Re: [PATCH] thermal: core: Add a back up thermal shutdown mechanism
From: Zhang Rui
Date: Wed Apr 12 2017 - 04:26:28 EST
On Wed, 2017-04-12 at 13:25 +0530, Keerthy wrote:
>
> On Wednesday 12 April 2017 09:35 AM, Eduardo Valentin wrote:
> >
> > Keerthy,
> >
> > On Wed, Apr 12, 2017 at 09:09:36AM +0530, Keerthy wrote:
> > >
> > >
> > >
> > > On Wednesday 12 April 2017 08:50 AM, Zhang Rui wrote:
> > > >
> > > > On Wed, 2017-04-12 at 08:19 +0530, Keerthy wrote:
> > > > >
> > > > >
> > > > > On Tuesday 11 April 2017 10:59 PM, Eduardo Valentin wrote:
> > > > > >
> > > > > >
> > > > > > Hey,
> > > > > >
> > > > > > On Fri, Mar 31, 2017 at 12:00:20PM +0530, Keerthy wrote:
> > > > > > >
> > > > > > >
> > > > > > > off).
> > <cut>
> >
> > >
> > > >
> > > > >
> > > > > >
> > > > > > OK... This seams to me, still a corner case supposed to be
> > > > > > fixed at
> > > > > > orderly_power_off, not at thermal. But..
> > > > > >
> > ^^^ Then again, this must be fixed not at thermal core. And re-
> > reading
> > the history of this thread, this seams to be really something
> > broken at
> > OMAP/DRA7, as mentioned in previous messages. That is probably why
> > you
> > are pushing for pm_power_off(), which seams to be the one that
> > works for
> > you, pulling the plug correctly (DRA7).
> Zhang/Eduardo,
>
> OMAP5/DRA7 is one case.
>
> I believe i this is the root cause of this failure.
>
> thermal_zone_device_check --> thermal_zone_device_update -->
> handle_thermal_trip --> handle_critical_trips --> orderly_poweroff
>
> The above sequence happens every 250/500 mS based on the
> configuration.
> The orderly_poweroff function is getting called every 250/500 mS and
> i
> see with a full fledged nfs file system it takes at least 5-10
> Seconds
> to shutdown and during that time we bombard with orderly_poweroff
> calls
> multiple times due to the thermal_zone_device_check triggering
> periodically.
>
> To confirm that i made sure that handle_critical_trips calls
> orderly_poweroff only once and i no longer see the failure on DRA72-
> EVM
> board.
>
Nice catch!
> So IMHO once we get to handle_critical_trips case where we do
> orderly_poweroff we need to do the following:
>
> 1) Make sure that orderly_poweroff is called only once.
agreed.
> 2) Cancel all the scheduled work queues to monitor the temperature as
> we have already reached a point of shutting down the system.
>
agreed.
now I think we've found the root cause of the problem.
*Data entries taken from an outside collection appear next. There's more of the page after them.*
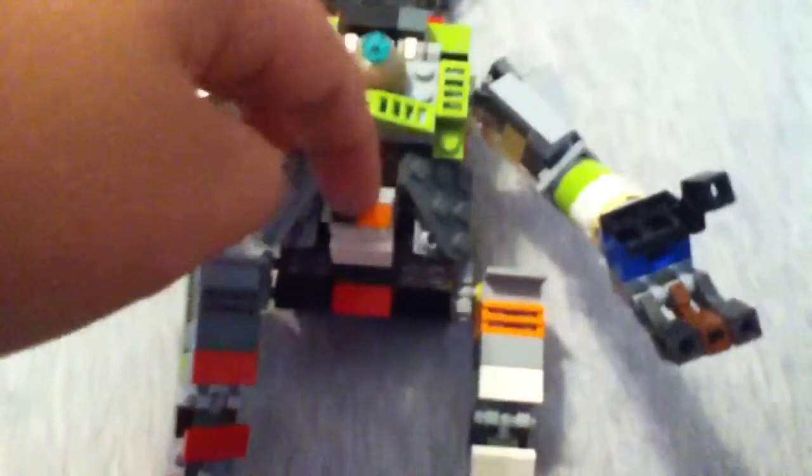If you haven't watched my Atlas Titan before, I'll show you the body like this. And the Titan can actually hold the tube.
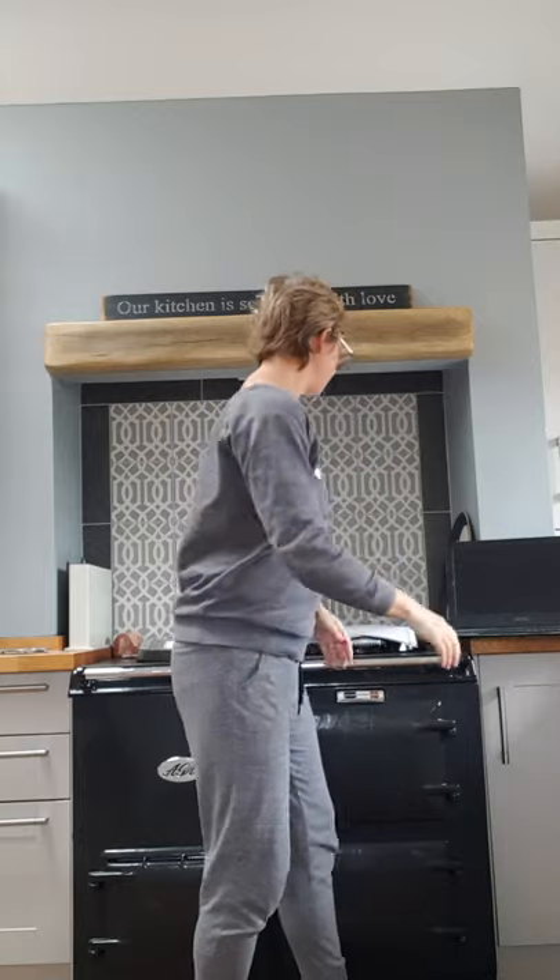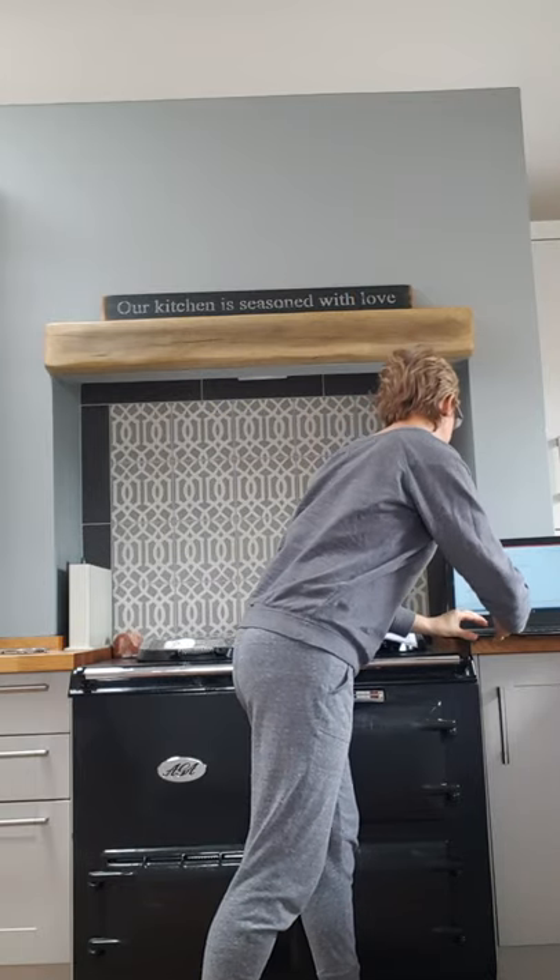Then we do two claps at medium height, straight in front of us, then high above our heads. Then we go to a nice V — you can see how my hands are nice and straight — and then we bring our arms down to the side. Then we go low, middle, high, into a V, and down to our sides. We do that a couple of times, so let's try that.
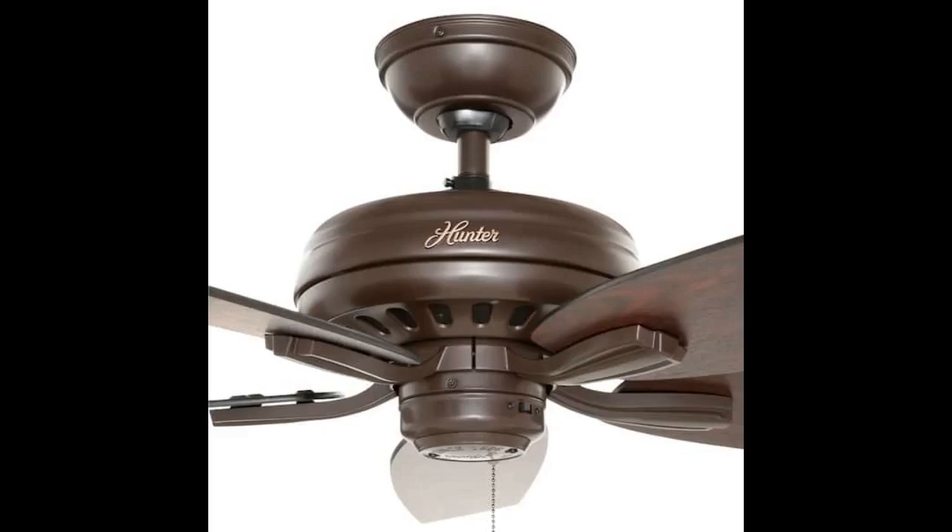I'm a 70-year-old woman with some skills, and I easily installed this fan. Clear directions, labeled parts, practically noiseless operation.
orderly_poweroff() is notÂreenterable and it does not have to be.
If we're using orderly_poweroff() for emergency power off, we have to
use it correctly.
will you generate a patch to do this?
thanks,
rui
> Let me know your thoughts on this.
>
> Best Regards,
> Keerthy
> >
> >
> > >
> > > >
> > > > >
> > > > > >
> > > > > > >
> > > > > > >
> > > > > > >
> > > > > > > However, there is no clean way of detecting such failure
> > > > > > > of
> > > > > > > userspace
> > > > > > > powering off the system. In such scenarios, it is
> > > > > > > necessary for a
> > > > > > > backup
> > > > > > > workqueue to be able to force a shutdown of the system
> > > > > > > when
> > > > > > > orderly
> > > > > > > shutdown is not successful after a configurable time
> > > > > > > period.
> > > > > > >
> > > > > > Given that system running hot is a thermal issue, I guess
> > > > > > we care
> > > > > > more
> > > > > > on this matter then..
> > > > > Yes!
> > > > >
> > > > I just read this thread again https://patchwork.kernel.org/patc
> > > > h/802458
> > > > 1/ to recall the previous discussion.
> > > >
> > > > https://patchwork.kernel.org/patch/8149891/
> > > > https://patchwork.kernel.org/patch/8149861/
> > > > should be the solution made based on Ingo' suggestion, right?
> > > >
> > > > And to me, this sounds like the right direction to go, thermal
> > > > does not
> > > > need a back up shutdown solution, it just needs a kernel
> > > > function call
> > > > which guarantees the system can be shutdown/reboot immediately.
> > > >
> > > > is there any reason that patch 1/2 is not accepted?
> > > Zhang,
> > >
> > > http://www.serverphorums.com/read.php?12,1400964
> > >
> > > I got a NAK from Alan and was given this direction on a
> > > thermal_poweroff
> > > which is more or less what is done in this patch.
> > >
> >
> > Actually, Alan's suggestion is more for you to define a
> > thermal_poweroff() that can be defined per architecture.
> >
> > Also, please, keep track of your patch versions and also do copy
> > everybody who has stated their opinion on previous discussions.
> > These
> > patches must have Ingo, Alan, and RMK copied too. In this way we
> > avoid
> > loosing track of what has been suggested and we also converge
> > faster to
> > something everybody (or most of us) agree. Next version, please,
> > fix
> > that.
> >
> >
> > To me, thermal core needs a function that simply powers off the
> > system.
> > No timeouts, delayed works, backups, etc. Simple and straight.
> >
> > The idea of having a per architecture implementation, as per Alan's
> > suggestion, makes sense to me too. Having something different from
> > pm_power_off(), specific to thermal, might also give the
> > opportunity to
> > save the power off reason.
> >
> > BR,
> >
> > Eduardo Valentin
> >